Interested in Lady Macbeth quotes? Lady Macbeth is possibly Shakespeare’s most famous and vivid female character. She is generally depicted in the popular mind as the epitome of evil, and images of her appear over and over again in several cultures (read our Lady Macbeth character analysis).
She is usually depicted as a strong, tough woman and, in her drive to induce Macbeth to murder King Duncan, she appears to be that, but, having succeeded, it does not take long for her to crumble and break down, destroyed by guilt, and she ends up committing suicide. The journey that this character goes on through the play is fascinating, and Shakespeare does a masterful job of presenting her inner thoughts as the play progresses. As such, there are many wonderful Lady Macbeth quotes.
Here we pull together a selection of Lady Macbeth quotes that range from her early mocking of Macbeth for his apparent lack of strength to do her bidding, through to her regret and seeming empathy at the violent, murderous events that unfold:
“The raven himself is hoarse
That croaks the fatal entrance of Duncan
Under my battlements”
“Yet do I fear thy nature;
It is too full o’ the milk of human kindness.”
(Act 1, Scene 5)
“Come, thick night,
And pall thee in the dunnest smoke of hell,
That my keen knife see not the wound it makes,
Nor heaven peep through the blanket of the dark,
To cry, ‘Hold, hold!’”
(Act 1, Scene 5)
“Come you spirits, That tend on mortal thoughts, unsex me here.”
(Act 1, Scene 5)
“O, never
Shall sun that morrow see!
Your face, my thane, is as a book where men
May read strange matters. To beguile the time,
Look like the time. Bear welcome in your eye,
Your hand, your tongue. Look like th’ innocent flower,
But be the serpent under ‘t. He that’s coming
Must be provide for: and you shall put
This night’s great business into my dispatch,
Which shall to all our nights and days to come
Give solely sovereign sway and masterdom.”
(Act 1, Scene 5)
“Come, you spirits
That tend on mortal thoughts, unsex me here,
And fill me from the crown to the toe top-full
Of direst cruelty. Make thick my blood.
Stop up th’ access and passage to remorse,
That no compunctious visitings of nature
Shake my fell purpose, nor keep peace between
Th’ effect and it. Come to my woman’s breasts,
And take my milk for gall, you murd’ring ministers,
Wherever in your sightless substances
You wait on nature’s mischief. Come, thick night,
And pall thee in the dunnest smoke of hell,
That my keen knife see not the wound it makes,
Nor heaven peep through the blanket of the dark,
To cry “Hold, hold!””
(Act 1, Scene 5)
“Screw your courage to the sticking-place,
And we’ll not fail.”
“Would’st thou have that
Which thou esteem’st the ornament of life,
And live a coward in thine own esteem,
Letting “I dare not” wait upon “I would,”

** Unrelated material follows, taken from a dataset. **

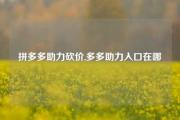 拼多多助力砍价,多多助力入口在哪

Like the poor cat i’ th’ adage?”
(Act 1, Scene 7)
“I have given suck, and know
How tender ’tis to love the babe that milks me.
I would, while it was smiling in my face,
Have plucked my nipple from his boneless gums
And dashed the brains out, had I so sworn as you
Have done to this.”
(Act 1, Scene 7)
“That which hath made them drunk hath made me bold,
What hath quenched them hath given me fire.”
“I laid their daggers ready;
He could not miss ‘em. Had he not resembled
My father as he slept, I had done’t.”
(Act 2, Scene 2)
“Tis the eye of childhood, That fears a painted devil.”
(Act 2, Scene 2)
“Out! damned spot! One, two, — why, then ‘tis time to do’t. Hell is murky. Fie, my lord, fie, a soldier and afeard? What need we fear who knows it, when none can call our power to account? – Yet who would have thought the old man to have had so much blood in him.”
“All the perfumes of Arabia will not sweeten this little hand.”
(Act 5, Scene 1)
“What’s done cannot be undone.”
(Act 5, Scene 1)
“Yet who would have the thought the old man to have so much blood in him?”